I’m writing this at my parents’ house next to my boyfriend in the room I slept in when I was in 8th grade, under the covers of a decade-old sheet and pillow set, on a super comfortable mattress we purchased in 2008 that has my body indented in it.
I love my bed.
In front of me, old stuffed animals sit on the bed and in my orbit chair and on the shelves. My bookshelf is still arranged in the way summer 2014 me arranged it. The stereo set is on the floor, and scattered among my books are random trinkets from different places. The egg flute, or dan, for instance is on a bottom shelf with an abacus I was supposed to give someone for a previous Christmas but didn’t see again. With the pair is an old pencil case I used throughout high school and college. Behind them is the 4-piece Game of Thrones set I stole from my brother with my mother’s blessing under the guise that he was too young for them at 13; even though I’m pretty sure he paid for them. A Super Mario blue mushroom lamp that sucks as a light source, even for simply aesthetic purposes, sits on another shelf on the bottom near some wooden items I purchased from Michael’s to paint, including a little jewelry case that I’m pretty sure just stores soda-can tops now. Why is daddy in a dress? – The Book sits prominently above it, its fluffy feline model looking out dispassionately.
On top of the bookshelf sits a trophy I don’t remember winning, dozens and dozens of medals from Academic Decathlon, and a school picture from my high school sophomore year which was the best school photo I’d ever taken and summed up my high school look well enough that we decided to not replace it in later years. The mirror I used throughout college also sits up there. On the other hand, posters I purchased my freshman year are still rolled up on the floor, undoubtedly warped now, and as absolutely ridiculous (a Ninja Turtles poster that I decided to buy for a reason I don’t remember now and an optical illusion poster) as they ever were. I think there’s one more too, inside the Ninja Turtles poster, but I’d have to get up out of my incredibly comfortable bed to confirm.

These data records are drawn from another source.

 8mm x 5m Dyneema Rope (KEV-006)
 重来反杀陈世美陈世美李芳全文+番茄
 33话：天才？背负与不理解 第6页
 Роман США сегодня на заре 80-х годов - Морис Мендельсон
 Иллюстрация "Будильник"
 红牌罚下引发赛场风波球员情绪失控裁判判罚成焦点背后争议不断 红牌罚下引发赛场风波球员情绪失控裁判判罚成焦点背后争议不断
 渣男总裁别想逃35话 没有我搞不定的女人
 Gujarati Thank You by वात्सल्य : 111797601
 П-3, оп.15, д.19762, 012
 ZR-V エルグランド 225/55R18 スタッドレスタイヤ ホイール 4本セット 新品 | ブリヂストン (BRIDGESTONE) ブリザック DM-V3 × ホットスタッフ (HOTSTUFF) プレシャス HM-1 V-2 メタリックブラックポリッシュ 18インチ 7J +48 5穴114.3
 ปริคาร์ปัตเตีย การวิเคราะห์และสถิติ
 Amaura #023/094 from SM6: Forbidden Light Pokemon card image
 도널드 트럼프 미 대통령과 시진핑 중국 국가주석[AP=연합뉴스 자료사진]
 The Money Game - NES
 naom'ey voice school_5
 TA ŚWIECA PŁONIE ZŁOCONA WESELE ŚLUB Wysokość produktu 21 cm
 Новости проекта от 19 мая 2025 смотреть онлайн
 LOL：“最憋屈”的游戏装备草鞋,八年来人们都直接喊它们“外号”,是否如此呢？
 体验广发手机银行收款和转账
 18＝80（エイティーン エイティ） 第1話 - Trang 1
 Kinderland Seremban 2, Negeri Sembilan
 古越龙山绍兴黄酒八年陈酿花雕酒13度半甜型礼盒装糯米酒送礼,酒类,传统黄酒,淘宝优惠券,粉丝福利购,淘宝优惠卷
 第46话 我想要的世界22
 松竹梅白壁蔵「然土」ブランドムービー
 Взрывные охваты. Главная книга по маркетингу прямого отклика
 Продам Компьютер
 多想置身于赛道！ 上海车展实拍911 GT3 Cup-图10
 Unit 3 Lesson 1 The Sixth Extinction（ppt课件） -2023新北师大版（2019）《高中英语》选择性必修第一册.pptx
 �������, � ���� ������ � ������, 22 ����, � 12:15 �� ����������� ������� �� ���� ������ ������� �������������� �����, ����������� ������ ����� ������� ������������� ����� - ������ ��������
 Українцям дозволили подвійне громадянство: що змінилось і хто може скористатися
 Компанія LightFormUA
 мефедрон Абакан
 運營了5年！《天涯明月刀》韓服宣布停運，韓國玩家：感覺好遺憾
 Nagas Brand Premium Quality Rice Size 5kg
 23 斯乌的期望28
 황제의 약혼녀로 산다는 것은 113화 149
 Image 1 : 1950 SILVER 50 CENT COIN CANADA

So it’s nice being back in a way, especially since I really haven’t been back home since at least October. My bed is much more comfortable than Mr. Chokkattu’s and I don’t have to worry about food or having to make my own food. I have a robe here when I take a shower tomorrow morning. My parents will make us breakfast before we drive with my little brother to go see Rogue One as a Saturday matinee at my local mall’s AMC.
On the other hand, I won’t be able to wake up whenever I want, and I’m no where near any of my friends or the places I need to be to earn money to spend with said friends. None of my favorite places to eat, drink, or dance are nearby, and I didn’t bring any of my usual wardrobe; not that I’d wear a lot of it around my parents.
It’s a muffled affair trying to have sex here, and at no point could we blast music, or drink tea, or eat chocolate right before bed. We have to quietly go downstairs if we want water, and my parents would flip out on me if I sneaked a snack into my room. We can’t suddenly leave in the night without someone questioning us.
It’s harder to pet dogs here, because I’m pretty sure the dog-owning faction of my neighborhood dislikes us because we’re a minority in this wealthy little white town.
So screw it, tonight I’ll sleep wonderfully tonight, and next year I’ll buy myself a mattress.